Here's how to get started:
Get clear about needs and goals.
Have your team work together to define clear team goals. What things must be worked on as a team? How often? What does the team need to learn? Plan and structure team meetings to achieve those specific outcomes.
Team time is important for collaboration and idea generation. It’s important for problem solving and process improvements. Team time is also important to have discussions about what people are worried about, answer questions, and calm uncertainty.
Defined outcomes.
They drive Individual productivity. If you define clear desired outcomes for content, schedule and quality—it should not matter when or where employees do the work—as long as they deliver.
If you’ve given someone clear direction on required outcomes and defined stretch goals, you never have to make a personal judgment about whether someone is working hard enough. Clearly defined and measured results tell the whole story.
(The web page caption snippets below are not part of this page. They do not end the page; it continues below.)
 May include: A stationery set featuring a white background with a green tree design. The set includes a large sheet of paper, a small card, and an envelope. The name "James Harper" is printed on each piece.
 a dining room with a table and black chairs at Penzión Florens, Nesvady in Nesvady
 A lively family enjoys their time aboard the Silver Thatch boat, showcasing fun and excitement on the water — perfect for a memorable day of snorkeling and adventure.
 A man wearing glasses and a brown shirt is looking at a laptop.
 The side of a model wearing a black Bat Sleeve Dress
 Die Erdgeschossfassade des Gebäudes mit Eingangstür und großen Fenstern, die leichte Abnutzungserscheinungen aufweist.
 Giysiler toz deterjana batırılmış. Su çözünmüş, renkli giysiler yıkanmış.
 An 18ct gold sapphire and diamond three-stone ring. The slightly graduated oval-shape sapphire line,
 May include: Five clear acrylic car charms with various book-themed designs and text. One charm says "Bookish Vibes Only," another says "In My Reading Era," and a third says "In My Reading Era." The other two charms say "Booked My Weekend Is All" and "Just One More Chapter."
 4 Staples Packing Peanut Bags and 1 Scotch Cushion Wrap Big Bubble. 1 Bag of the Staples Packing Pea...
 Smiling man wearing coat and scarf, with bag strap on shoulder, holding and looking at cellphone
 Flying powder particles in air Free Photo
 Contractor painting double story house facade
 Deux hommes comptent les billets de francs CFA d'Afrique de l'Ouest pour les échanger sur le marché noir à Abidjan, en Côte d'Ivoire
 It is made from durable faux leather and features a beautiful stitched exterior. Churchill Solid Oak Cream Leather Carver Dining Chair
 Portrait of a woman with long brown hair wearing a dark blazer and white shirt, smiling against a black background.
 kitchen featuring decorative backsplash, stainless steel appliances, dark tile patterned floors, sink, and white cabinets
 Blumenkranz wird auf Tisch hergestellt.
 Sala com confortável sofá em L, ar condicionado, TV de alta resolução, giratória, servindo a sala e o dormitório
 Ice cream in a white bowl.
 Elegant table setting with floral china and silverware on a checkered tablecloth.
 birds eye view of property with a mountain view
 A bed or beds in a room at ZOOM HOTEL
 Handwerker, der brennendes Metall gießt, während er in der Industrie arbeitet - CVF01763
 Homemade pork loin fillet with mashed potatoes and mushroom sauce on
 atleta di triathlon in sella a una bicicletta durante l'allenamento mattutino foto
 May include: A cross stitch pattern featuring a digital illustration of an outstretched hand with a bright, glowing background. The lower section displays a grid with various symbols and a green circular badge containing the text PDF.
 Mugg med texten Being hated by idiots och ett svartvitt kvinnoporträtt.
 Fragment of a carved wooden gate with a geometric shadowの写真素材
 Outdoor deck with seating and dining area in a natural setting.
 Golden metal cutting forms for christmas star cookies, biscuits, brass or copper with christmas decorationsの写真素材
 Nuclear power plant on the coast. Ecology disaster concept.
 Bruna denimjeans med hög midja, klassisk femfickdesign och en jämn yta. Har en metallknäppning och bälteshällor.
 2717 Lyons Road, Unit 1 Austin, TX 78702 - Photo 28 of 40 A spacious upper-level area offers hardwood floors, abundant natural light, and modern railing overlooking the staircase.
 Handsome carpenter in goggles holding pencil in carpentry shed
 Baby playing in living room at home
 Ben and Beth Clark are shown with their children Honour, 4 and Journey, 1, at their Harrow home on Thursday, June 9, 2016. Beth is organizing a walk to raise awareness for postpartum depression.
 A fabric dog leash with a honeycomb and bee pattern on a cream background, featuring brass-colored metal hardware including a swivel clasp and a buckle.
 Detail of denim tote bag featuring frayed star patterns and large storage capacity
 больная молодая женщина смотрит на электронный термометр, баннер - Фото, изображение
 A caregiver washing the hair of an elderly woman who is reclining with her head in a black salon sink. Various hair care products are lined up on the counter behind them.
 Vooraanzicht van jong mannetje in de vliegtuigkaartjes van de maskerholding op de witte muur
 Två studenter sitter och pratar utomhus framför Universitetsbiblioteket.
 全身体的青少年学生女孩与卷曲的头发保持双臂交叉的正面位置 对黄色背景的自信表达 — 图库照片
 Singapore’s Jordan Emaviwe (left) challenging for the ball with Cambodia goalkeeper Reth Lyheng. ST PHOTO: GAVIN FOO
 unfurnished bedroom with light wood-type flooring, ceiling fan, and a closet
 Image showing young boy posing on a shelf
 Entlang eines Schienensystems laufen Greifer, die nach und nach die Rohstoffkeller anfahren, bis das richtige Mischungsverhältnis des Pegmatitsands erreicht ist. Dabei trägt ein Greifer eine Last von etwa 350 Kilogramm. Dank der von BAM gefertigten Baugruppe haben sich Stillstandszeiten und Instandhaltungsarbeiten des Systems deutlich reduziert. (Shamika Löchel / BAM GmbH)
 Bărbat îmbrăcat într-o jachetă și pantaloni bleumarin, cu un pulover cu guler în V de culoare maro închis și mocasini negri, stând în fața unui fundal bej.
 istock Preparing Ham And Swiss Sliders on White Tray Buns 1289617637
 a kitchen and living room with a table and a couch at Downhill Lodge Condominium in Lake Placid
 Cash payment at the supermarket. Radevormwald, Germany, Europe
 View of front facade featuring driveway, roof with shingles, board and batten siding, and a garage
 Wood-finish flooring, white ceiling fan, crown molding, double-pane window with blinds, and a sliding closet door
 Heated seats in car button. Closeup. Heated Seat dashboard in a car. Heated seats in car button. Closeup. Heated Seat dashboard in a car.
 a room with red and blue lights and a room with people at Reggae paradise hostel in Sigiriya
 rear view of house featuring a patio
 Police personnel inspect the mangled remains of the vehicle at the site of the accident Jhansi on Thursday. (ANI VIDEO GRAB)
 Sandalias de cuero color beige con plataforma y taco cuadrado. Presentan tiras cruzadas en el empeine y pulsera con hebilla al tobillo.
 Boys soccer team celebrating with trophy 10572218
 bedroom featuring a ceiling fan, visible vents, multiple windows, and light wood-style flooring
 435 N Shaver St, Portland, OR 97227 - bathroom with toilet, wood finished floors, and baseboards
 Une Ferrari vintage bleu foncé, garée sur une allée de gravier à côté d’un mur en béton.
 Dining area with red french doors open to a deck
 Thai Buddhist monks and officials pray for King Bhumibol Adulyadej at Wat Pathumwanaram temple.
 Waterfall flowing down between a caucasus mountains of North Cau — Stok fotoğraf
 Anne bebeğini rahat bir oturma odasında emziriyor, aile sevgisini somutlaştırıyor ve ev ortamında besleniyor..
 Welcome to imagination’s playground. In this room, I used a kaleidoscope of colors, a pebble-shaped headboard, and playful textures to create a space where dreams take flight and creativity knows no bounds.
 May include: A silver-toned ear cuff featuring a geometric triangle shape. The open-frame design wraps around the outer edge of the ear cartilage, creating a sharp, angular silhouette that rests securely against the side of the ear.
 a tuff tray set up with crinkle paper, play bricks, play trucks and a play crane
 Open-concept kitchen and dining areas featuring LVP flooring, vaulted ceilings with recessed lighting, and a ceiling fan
But if you are vague on expectations, productivity will decline. You get what you measure.
Create an atmosphere of flexibility.
One of the reasons people like working outside the office is that they feel in control and they feel trusted. That is good for motivation and productivity. I am a big believer in treating people like humans (not as resources) and acknowledging that they have a life that matters outside of work.
If you give people schedule flexibility to deal with daily daycare drop-offs and pick-ups and school events, or allow them time away to care for sick family, in my experience, they become much more motivated, loyal, and productive.
People will move mountains for you if you respect them as people, and don’t force them work on a very specific, lock-down schedule when it doesn’t matter.
Don’t fall hostage to physical boundaries.
I used to think that I could only do team building activities during the moments when I could get my team together physically. But then I realized that I was being uncreative and that there are actually many possibilities.
You can’t let a lack of physical presence keep you from establishing team camaraderie, and building team performance. With a little bit of effort and the use of technology, there are many ways to do team building virtually.
First get your head around having a virtual meeting just for the purposes of doing team building. Schedule it and don’t talk about status or projects. Create a template ahead of time that everyone fills in with things like, photos related to their favorite hobby or vacation, favorite books, movies, music. Better yet, let the team crowd source what they want to put on the template.
Then have a team building meeting where everyone shares what they prepared and the whole purpose of the meeting is to have fun and get to know each other better. Get in the habit of using video instead of audio only.
I was pleasantly surprised at how this type of effort could create such strong personal relationships and that trust could be built even if people had never met.
Keep open dialogue around career development.
Another important factor in motivation is that people feel that there are career development opportunities. When you don’t work in the same place as your boss, or if you are working from home, sometimes the idea of a career path seems absent, or people assume they are on their own.
If you want to build motivation and loyalty, don’t forget to include career development conversations with your employees. Investing in your employees' development is motivating and shows them there is a reason to continue to invest their best efforts in making your business successful.